Being the Chief of Police for a small community like Elsberry is nothing like the shows many residents may see on T.V. They don’t have a team of former CIA agents tracking down national terrorists. They don’t have special gadgets that can reconstruct a person’s entire face from a small bone fragment. In fact, for small town officers, old school policing with old technology and good old fashion investigating is a way of life.
“I, like many small town chiefs, wear many hats,” said Elsberry Police Chief Robert Bodley. “We don’t have one person who does this or another person who does that. We don’t have a lot of things that trust me, would be a wonderful thing to have.”

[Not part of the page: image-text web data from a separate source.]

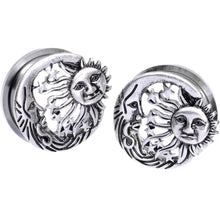 Load image into Gallery viewer, Cosmic Sun and Moon Screw Fit Tunnel Plug Set 6mm to 25mm
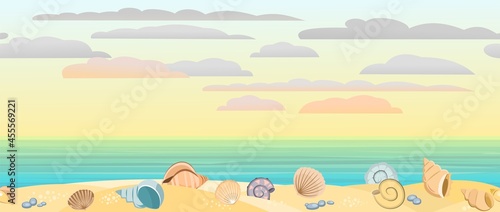 Frontal view of the seashore. Yellow sandy beach. Soft sunset sky with light clouds. Distant horizon. Shellfish and snail shells. Close up View. Seamless Vector.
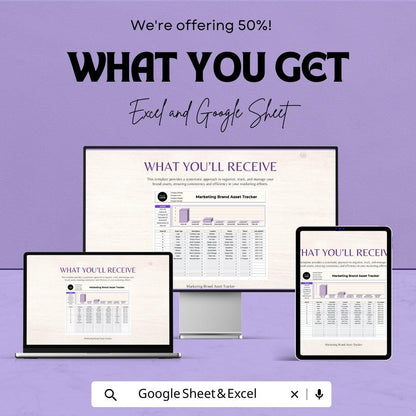 Marketing Brand Asset Tracker Sheet | Excel & Google Sheet | Brand Asset Management Template | Brand Tracker Spreadsheet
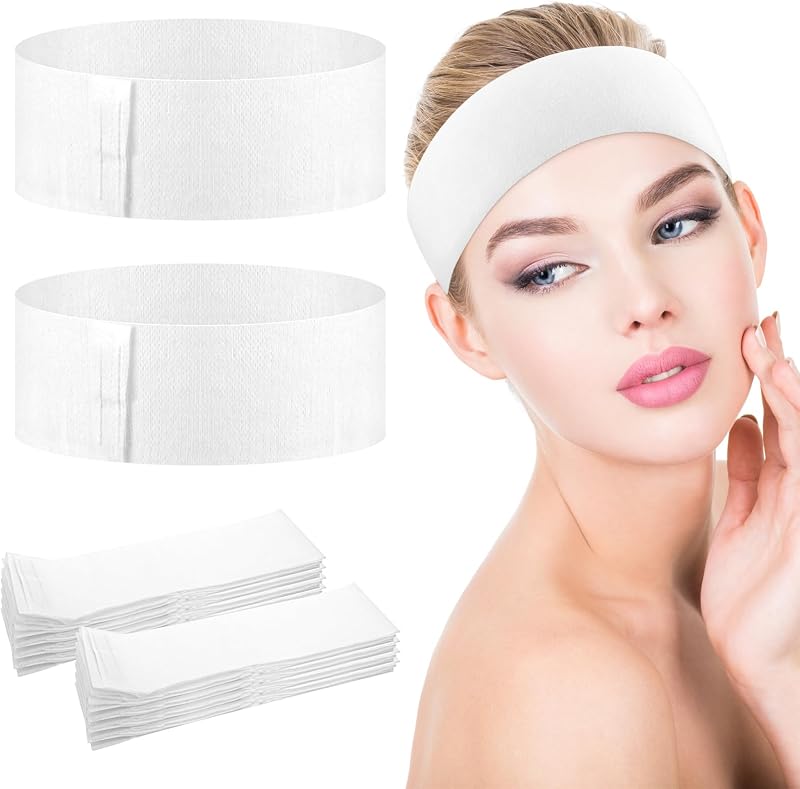 YUXIANLB 30 Pieces Disposable Spa Facial Headbands Adjustable Elastic White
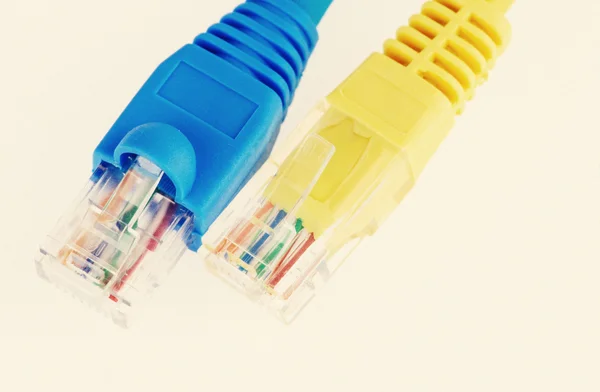 Computer network cables over grey background — Stock Photo, Image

According to Bodley, the most important part of working for a small town law enforcement agency is being able to work as a team with in the community and for the community.
“I think the biggest difference between being a small town chief and a larger municipality is we half to do everything,” said Bodley. “Not only do I have to do the duties of a police chief, such as paper work for the federal government, to the state and supervise, I also have to do the work of a records clerk, which includes getting reports to the insurance companies, to the Department of Revenue and the Highway Patrol.”
Bodley went on to say he also has the responsibilities of an evidence technician by keeping track of the evidence and making sure it’s logged, cataloged and put away. Even further, Bodley explained he also has the responsibilities of a patrol officer in doing routine patrol and traffic stops.